• _DESCRIPTION OF THE TASK_
Reproduce only this stretch of the listing below: from the line with "Color Weekly Schedule Template Printable pdf" through the line with "Coussins Ronds verset", exactly as written, with pictures excluded.

• _THE RECORDS_
Content starts
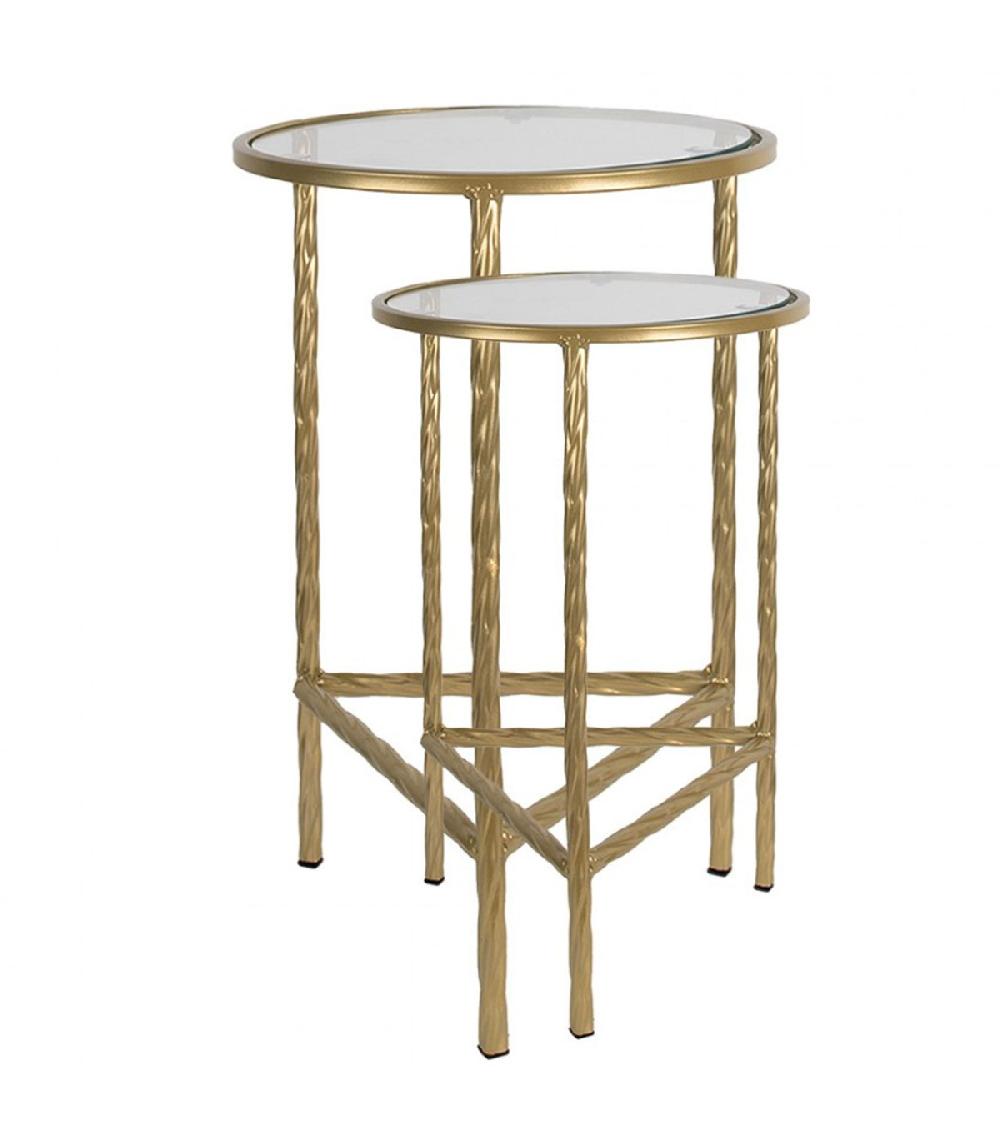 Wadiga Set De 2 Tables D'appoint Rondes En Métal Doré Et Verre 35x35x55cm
Content ends
Content starts
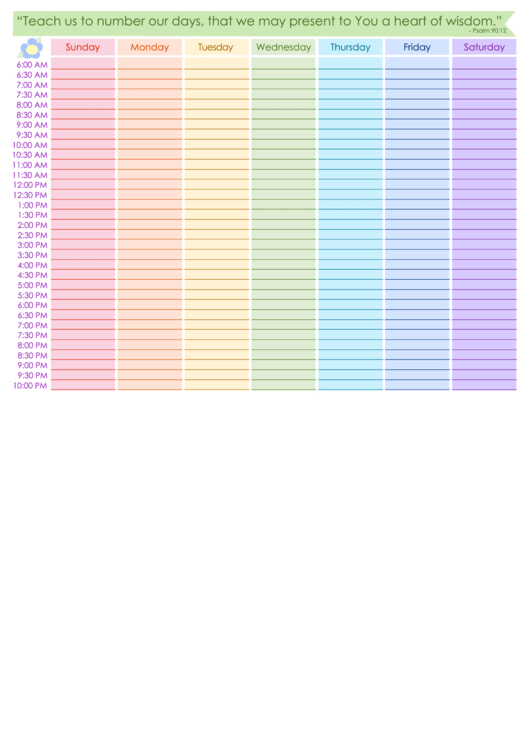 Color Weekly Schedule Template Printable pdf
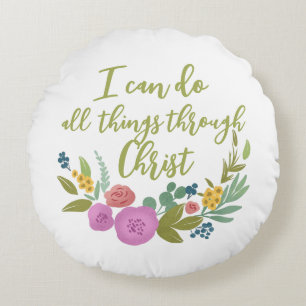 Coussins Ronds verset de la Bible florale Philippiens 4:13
Content ends
Content starts
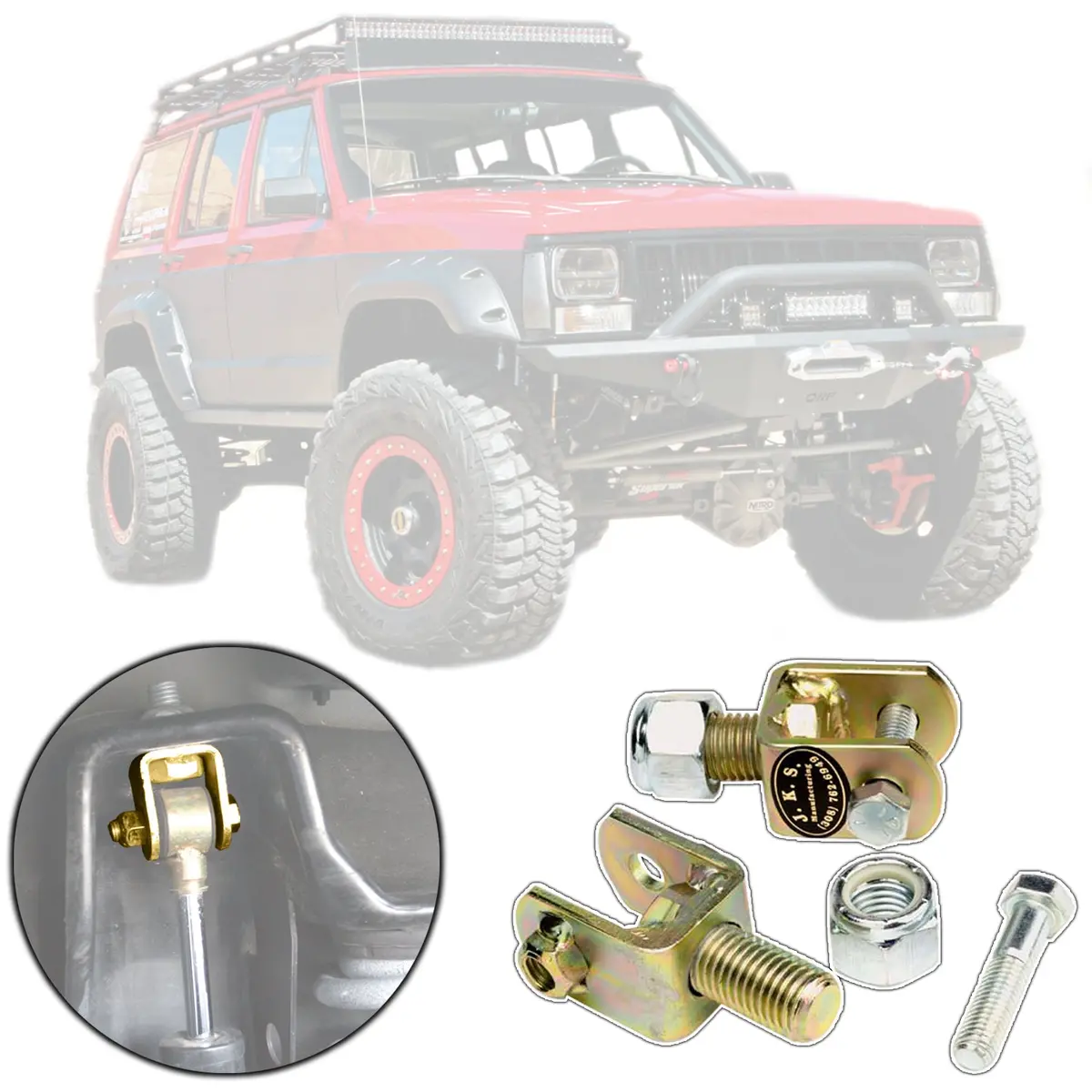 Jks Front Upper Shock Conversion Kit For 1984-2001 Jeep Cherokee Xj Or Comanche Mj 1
Content ends
• _ANSWER TO THIS TASK_
 Color Weekly Schedule Template Printable pdf
 Coussins Ronds verset de la Bible florale Philippiens 4:13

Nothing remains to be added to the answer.